A recent study by the Boston College Center for Retirement Research found that 50% of American workers are not on track to save enough to retire without reducing their standard of living. A National Institute on Retirement Security study on the retirement preparedness of American workers showed that:
- 1/3 of Americans between the ages of 55 and 64 haven't saved anything for retirement.
- 38 million working-age households in the United States have yet to start saving for retirement.
- The average retirement savings for people 10 years away from retirement is $12,000.
Many studies, including a recent study by Vanguard, indicate that workers should save at least 12% to 15% of their income each year. It is likely that most of your 401(k) plan participants are not saving anything near this amount. Following are four ideas on how you can encourage your 401(k) plan participants to save more:
1. Make a budget.
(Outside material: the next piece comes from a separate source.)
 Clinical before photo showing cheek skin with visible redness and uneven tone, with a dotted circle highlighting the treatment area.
Almost anyone can save more and spend less by making a budget. Most participants I talk with have never created a household budget. When I ask them what they spend their money on, many say it just goes. If I ask them to be more specific, generally it is hard for them to share how they spend their money. Like most Americans, they live paycheck-to-paycheck. Many people are not financially confident or competent and the addition of a little structure, via a budget, can make a big difference in their lives.
2. Raise your 401(k) savings rate with each salary increase. The least painful way for most participants to gradually increase their savings rate is to increase it by at least 1% every time they get a raise. That way a portion of each raise is saved but a portion still flows through to their take-home pay.
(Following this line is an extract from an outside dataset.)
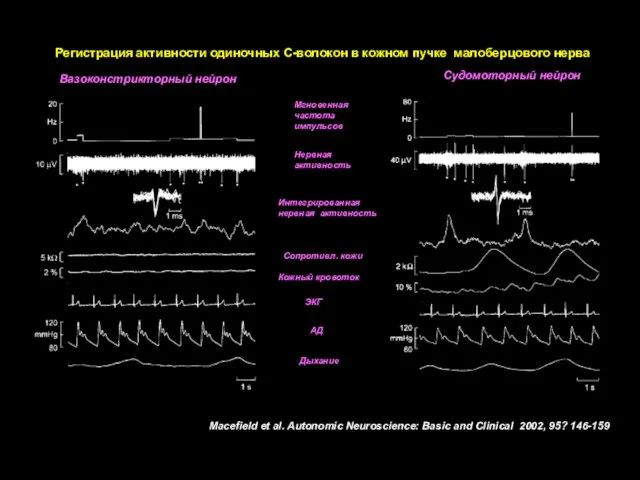 Macefield et al. Autonomic Neuroscience: Basic and Clinical 2002, 95? 146-159 Регистрация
3. Collect the full company match. It may be hard to believe, but each client I work with has a sizeable employee population that is not making the maximum employee deferral in order to collect the maximum company match. This is an easy way for many participants to quickly double the impact of saving more.
4. Invest appropriately for your age and risk tolerance. I talk to many participants who started saving late and want to make up for lost savings quickly by investing more aggressively. This is a bad strategy which inevitably leads to failure. Make sure you advise your participants to gauge their risk tolerance by taking an assessment quiz. They should never, ever attempt to make up for lost time by investing more aggressively. Participants who do this are terrified when the markets fall because of how much their account balance decreases.
Robert C. Lawton is president of Lawton Retirement Plan Consultants, LLC (lawtonrpc.com), an RIA firm helping retirement plan sponsors with their investment, fiduciary, employee education and compliance responsibilities. He may be contacted at firstname.lastname@example.org or 414.828.4015.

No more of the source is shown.